Lynch and security attempted to get riders to slow down, but nothing has worked.
“We have done everything you can imagine to encourage them to stop and walk,” Lynch said. “Our security officers often stand on the bridges and literally physically try to stop them. Sometimes it works; more often, it doesn’t.”
That is when Lynch and the security team sat down, discussed the situation, and came to the decision that installing the chicanes was a solution that would at least require bikers to slow down.
According to Lynch, students have already complained to her that bikers simply weave around the barriers pretty easily while going downhill.
“One of my greatest concerns was that our ‘calming measures’-and yes, that’s what they’re called: traffic calming measures-would not in any way obstruct or make difficult the movement of students and community residents in wheelchairs. We want to be sure that pedestrians and those in wheelchairs have safe, easy passage through our campus,” Lynch said.

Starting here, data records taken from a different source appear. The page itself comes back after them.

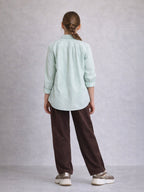 Girls’ Oversized Striped Shirt “ Button-Down With Chest Pocket (Mint)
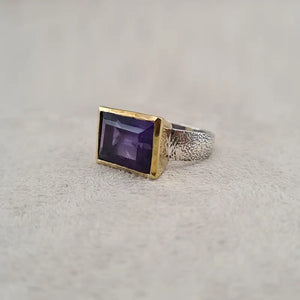 Bague amethyste square bronze "RI1192.A"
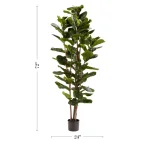 Pure Garden 72 in. Artificial Fiddle Leaf Fig Tree with Black Pot thumbnail 2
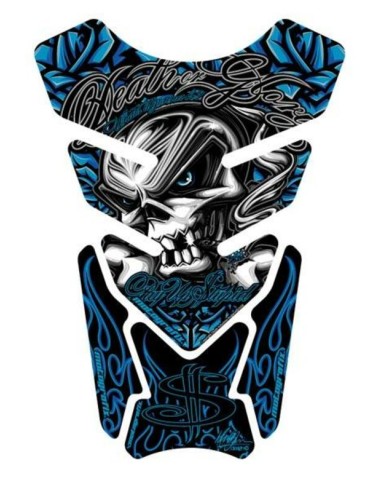 MOTOGRAFIX Tank Pad Street Style 4 buc Death or Glory - Pay up Stupid Blue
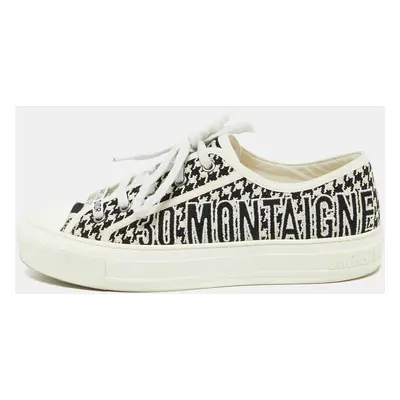 Dior White/Black Houndstooth Fabric Walk‘N’ Dior Low Top Sneakers Size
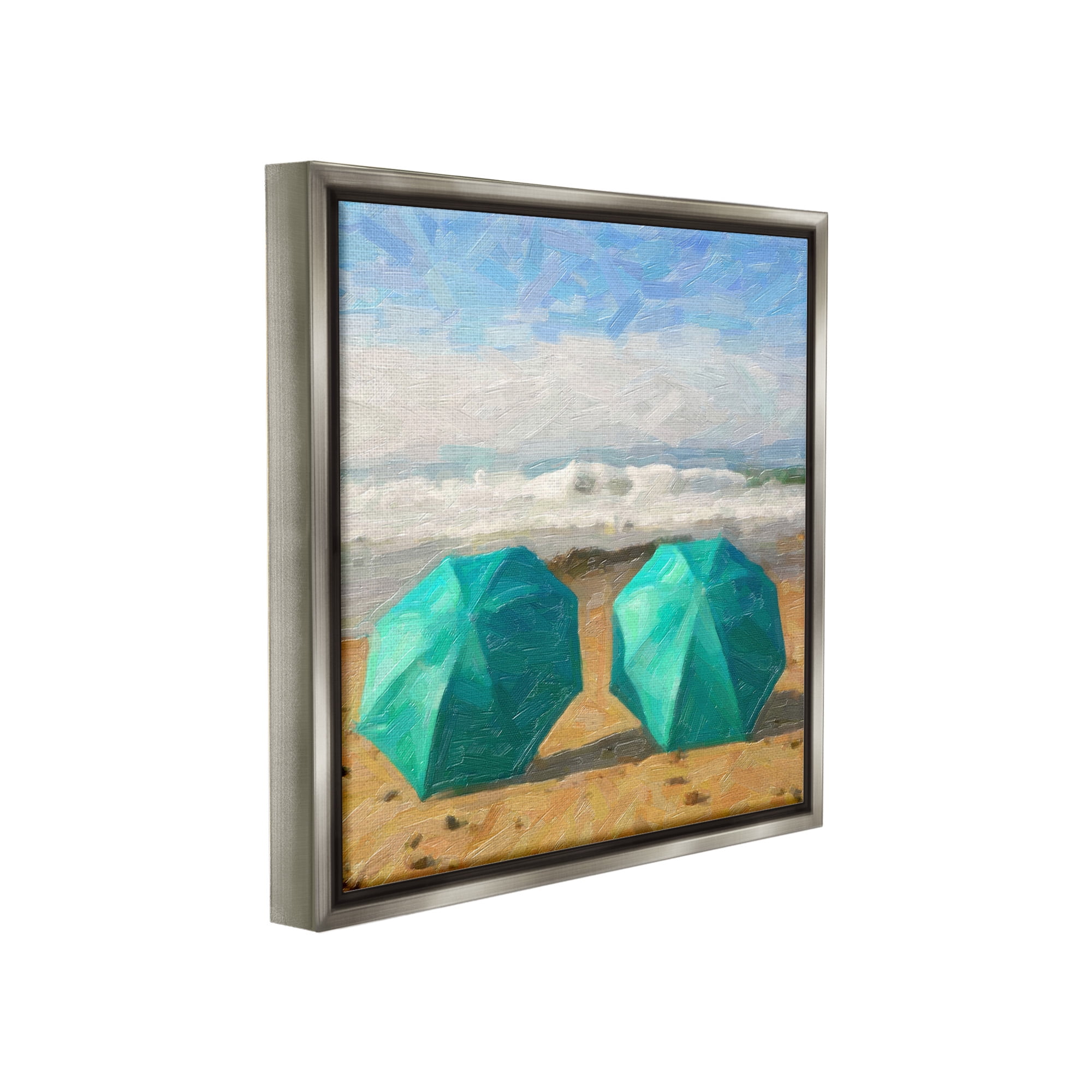 Stupell Industries Beach Umbrella Duo Landscape Painting Gray Floater Framed Canvas Art Print Wall Art, 25 x 25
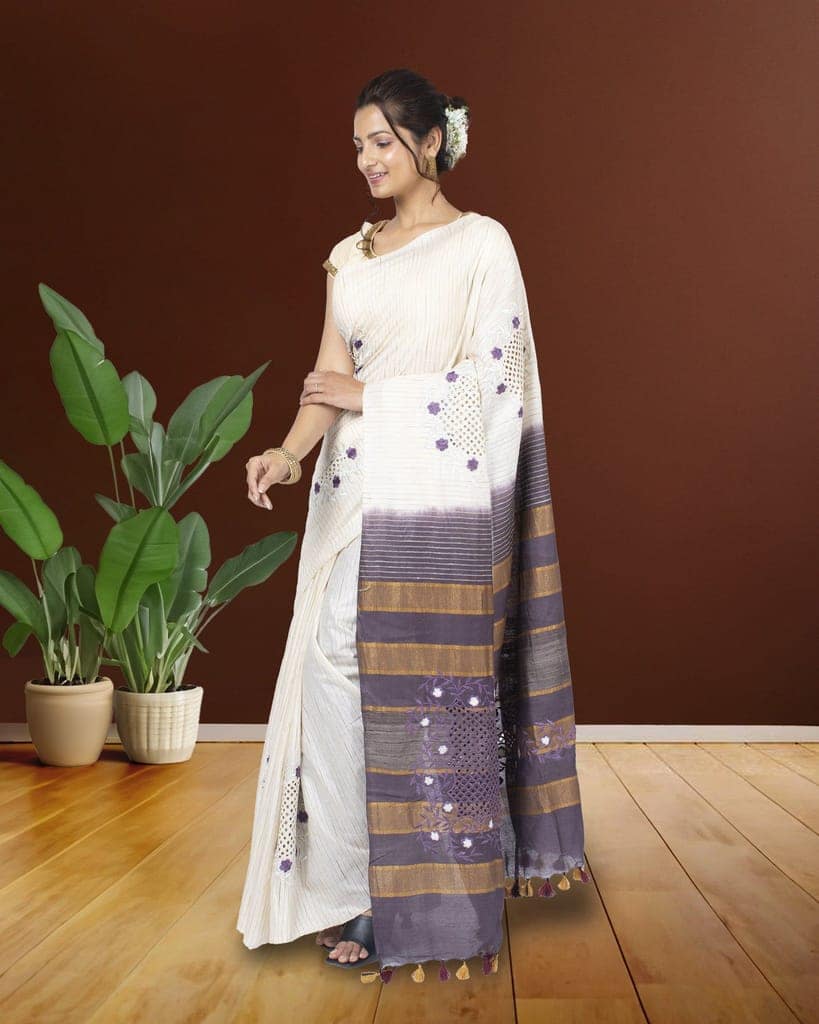 Eri Silk Saree Old Lace White Color Hand Cutwork with running blouse-4321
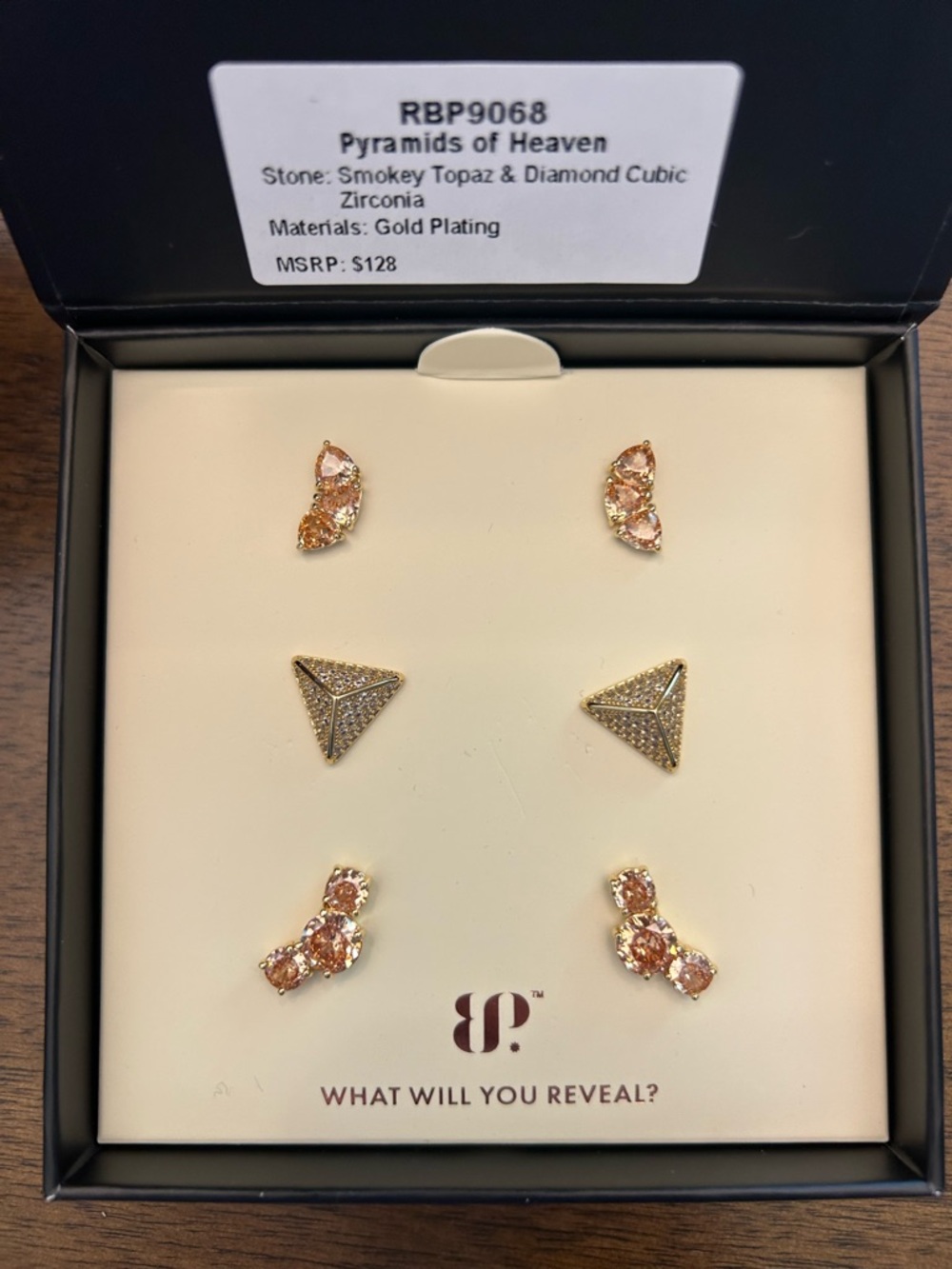 BP Simply Studs Gold Plated Smokey Topaz & Diamond Cubic Zirconia Earring Set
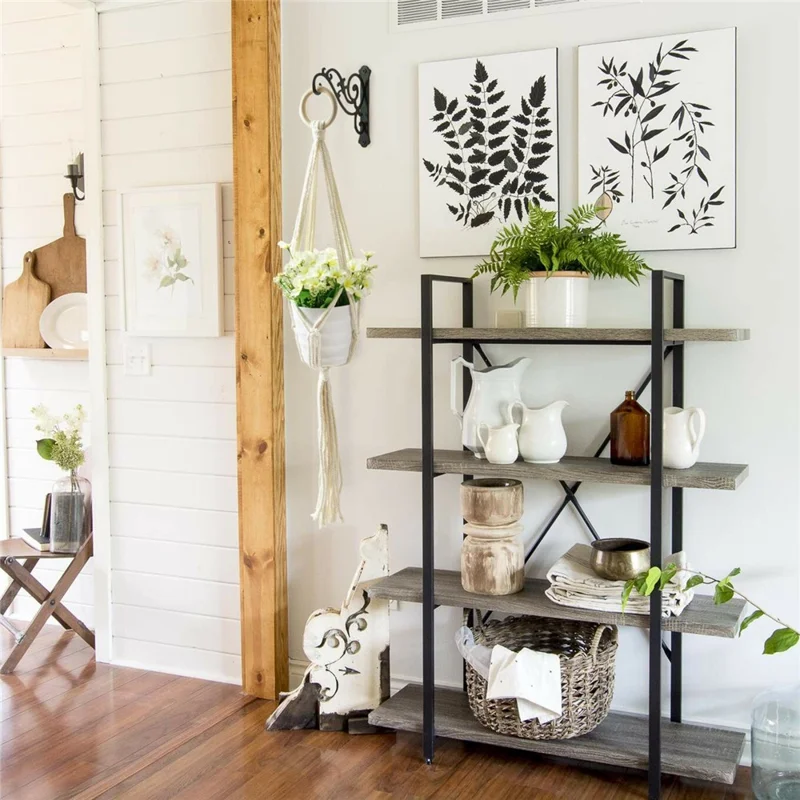 Væghængt jernblomsterstativ, minimalistisk retro hængende planteholder, holdbar balkonhænger til blomsterkrukker, vindklokker og dekorationer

Last semester, chicanes were installed but were removed almost immediately because people with wheelchairs could not get through.
Lynch says that it has been a challenge to balance student safety, easy movement for those with disabilities and controlling speeding cyclists on pedestrian paths. She does not want anyone to get hurt and has everyone’s best interests at heart.
The chicanes can be frustrating, but are needed to at least hinder the progress of cyclists. They are not a perfect solution, but maybe a better solution will be devised by the end of the semester.